PROBLEM STATEMENT: This task asks for the lines from the one with "Crows: Eco-Friendly Allies" to the final line below, repeated exactly, with pictures omitted.
*** INPUT MATERIAL Section Begins ***
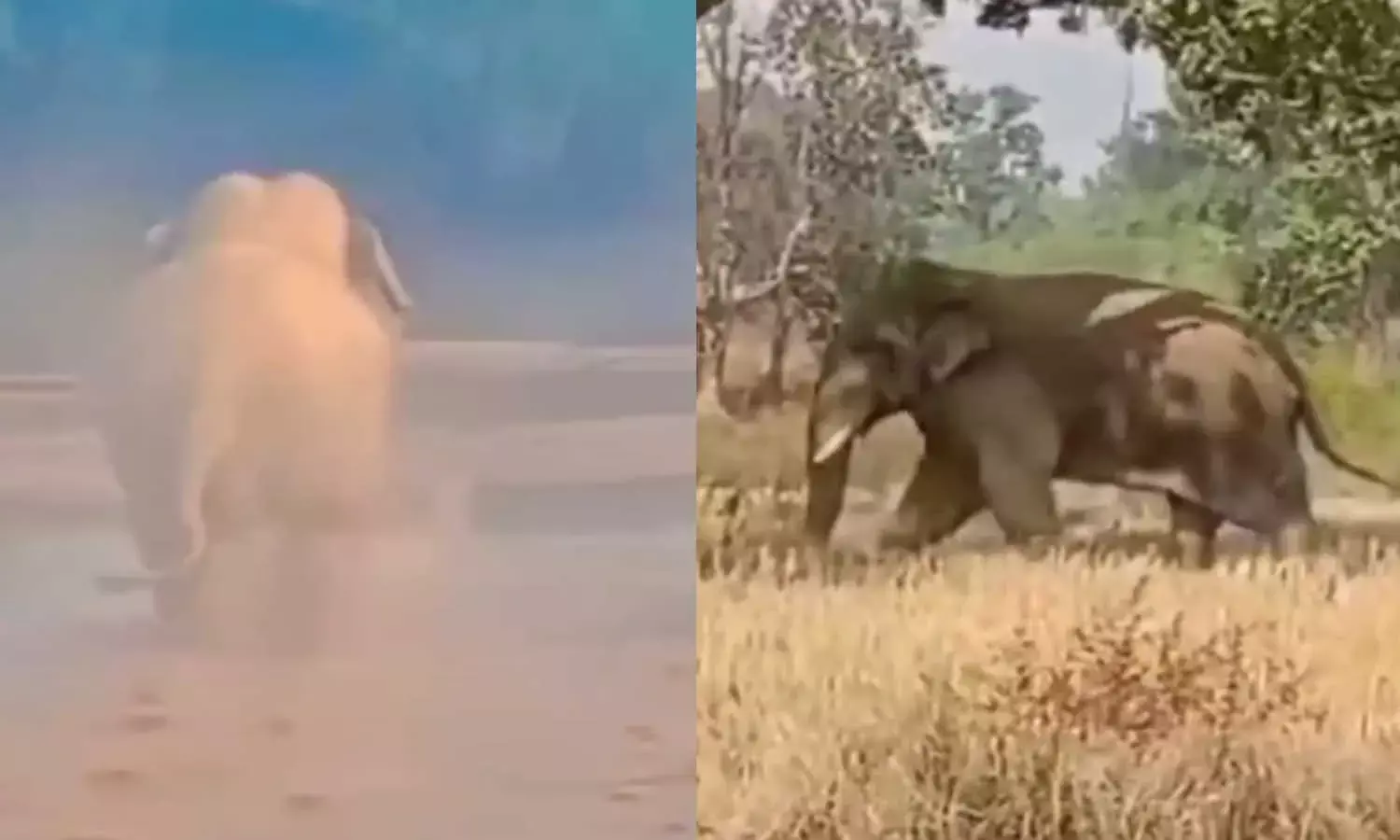 महान नदी में मस्ती और खेतों में बेखौफ कर रहे विचरण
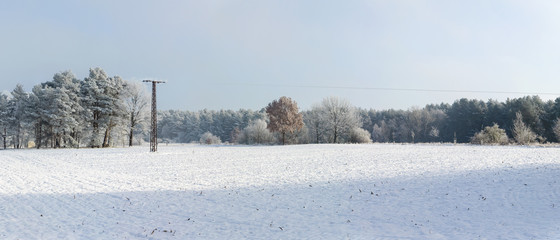 Neuschnee und Raureif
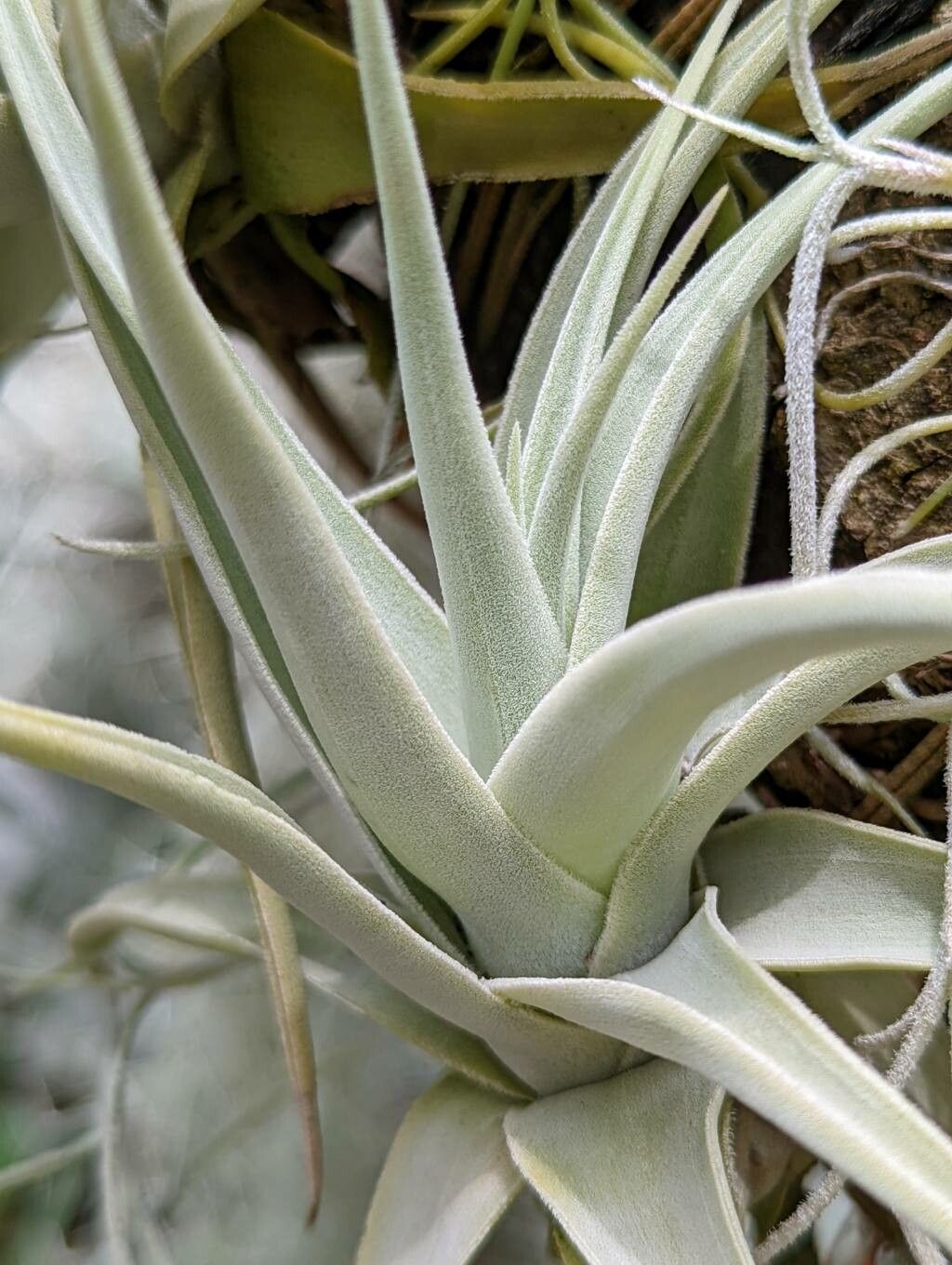 Tillandsia reducta — houseplant care guide
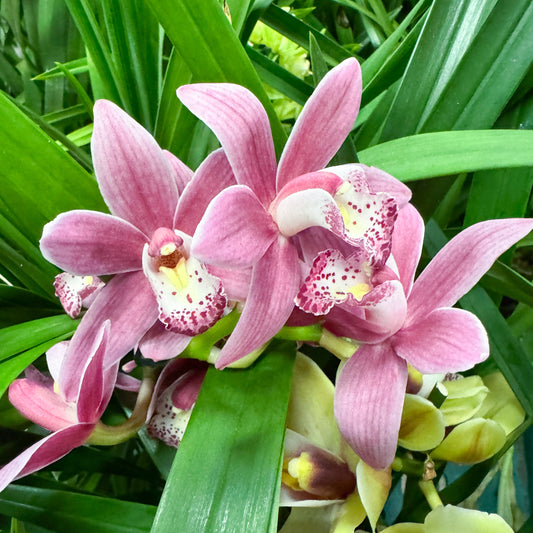 Cymbidium Orchid | Mauve Magic | Potted Houseplants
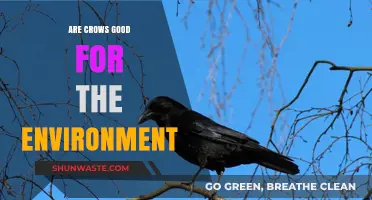 Crows: Eco-Friendly Allies or Misunderstood Environmental Contributors?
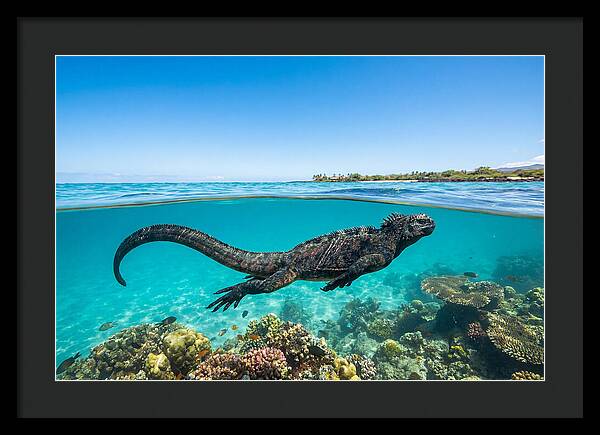 Marine Iguana Swimming Gracefully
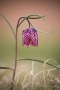 Schachblume (Fritillaria meleagris)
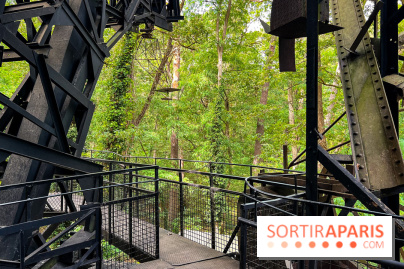 Le Cyclop, le géant d’acier caché dans les bois de Milly-la-Forêt - IMG 5951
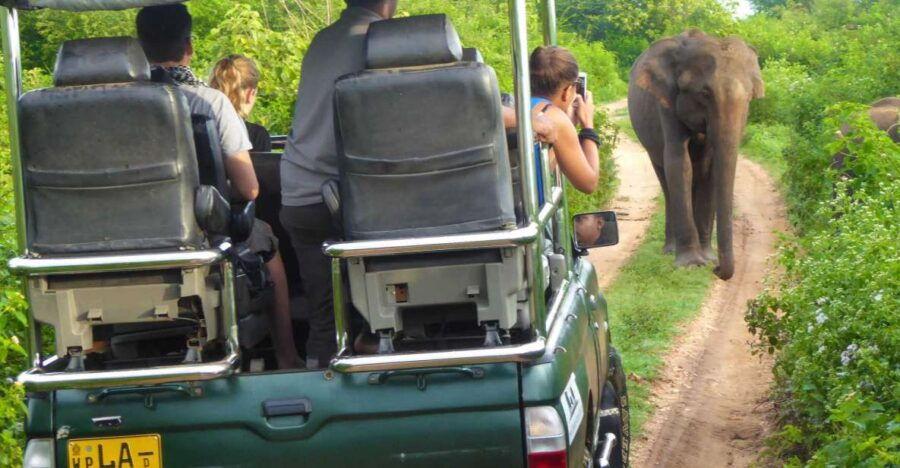 Yala National Park: Leopard Safari Full Day Tour With Lunch - Good To Know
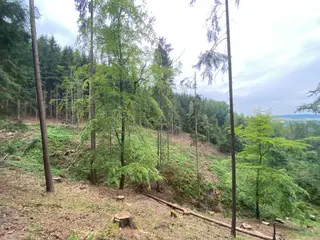 Lesní pozemek p.č. 194/4 Jestřebíčko, okres Šumperk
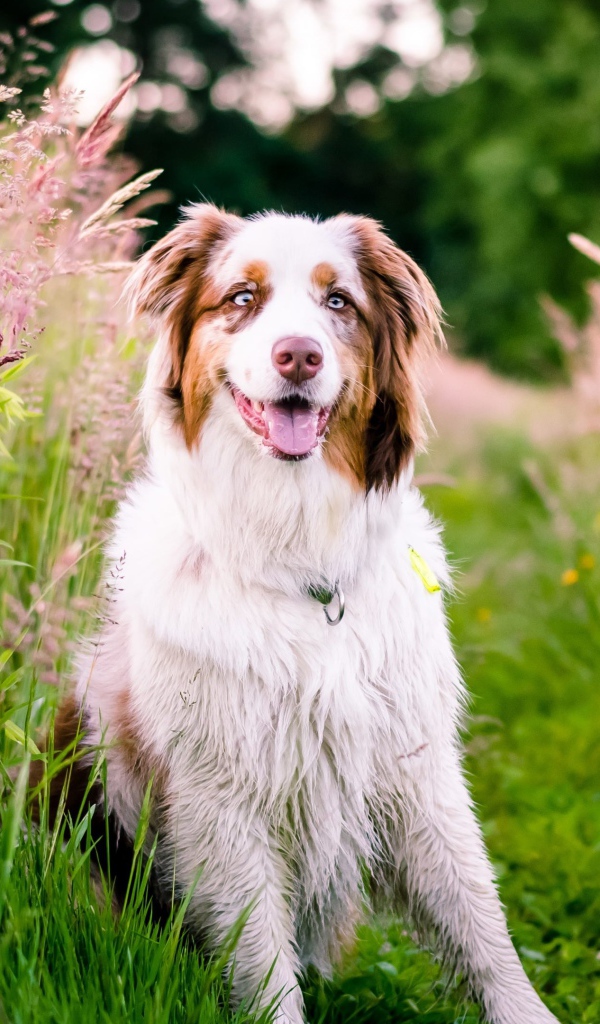 Australian shepherd with tongue hanging out sits in green grass with spikelets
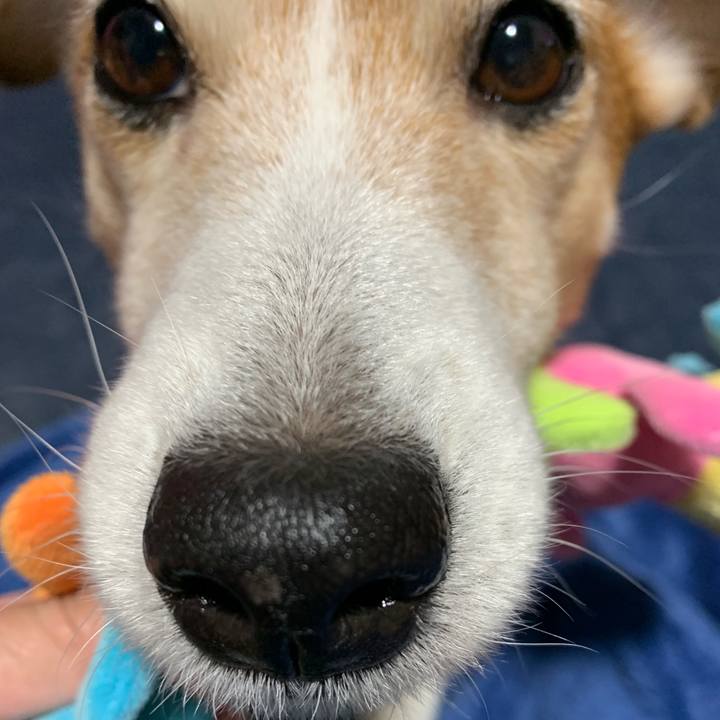 0e47ca6a 692d 463c 9474 5106fcef78a8 1550116407746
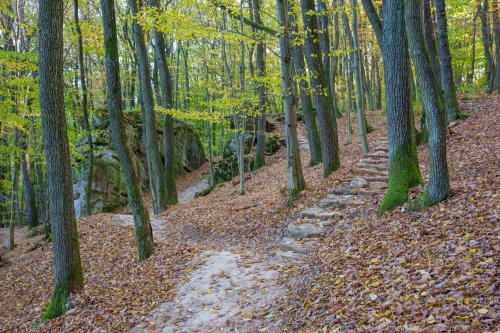Trail Oliver, Malá štúrovka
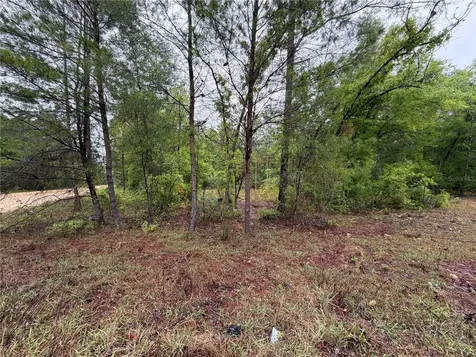 301 Rainbow Drive Hawthorne FL 32640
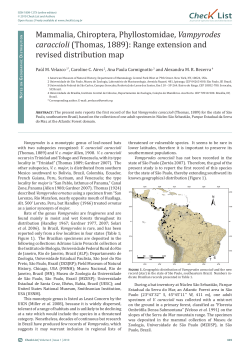 Mammalia, Chiroptera, Phyllostomidae, Vampyrodes caraccioli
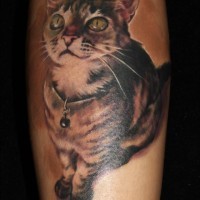 Tatuaggio bellissimo sulla gamba il gatto carino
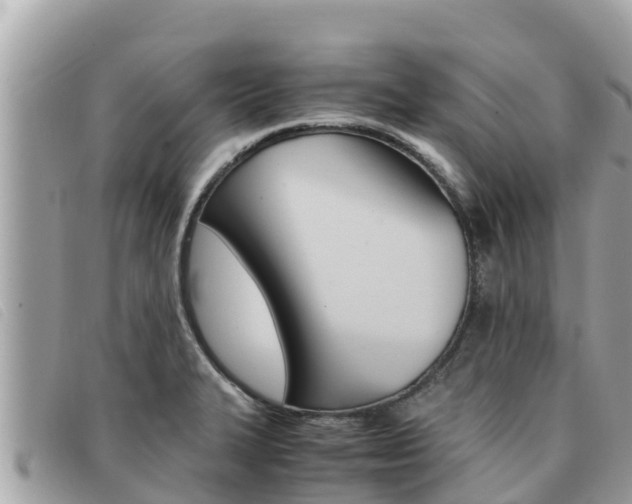 X0000091541327200708171002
*** INPUT MATERIAL Section Ends ***
RESULT:
 Crows: Eco-Friendly Allies or Misunderstood Environmental Contributors?
 Marine Iguana Swimming Gracefully
 Schachblume (Fritillaria meleagris)
 Le Cyclop, le géant d’acier caché dans les bois de Milly-la-Forêt - IMG 5951
 Yala National Park: Leopard Safari Full Day Tour With Lunch - Good To Know
 Lesní pozemek p.č. 194/4 Jestřebíčko, okres Šumperk
 Australian shepherd with tongue hanging out sits in green grass with spikelets
 0e47ca6a 692d 463c 9474 5106fcef78a8 1550116407746
Trail Oliver, Malá štúrovka
 301 Rainbow Drive Hawthorne FL 32640
 Mammalia, Chiroptera, Phyllostomidae, Vampyrodes caraccioli
 Tatuaggio bellissimo sulla gamba il gatto carino
 X0000091541327200708171002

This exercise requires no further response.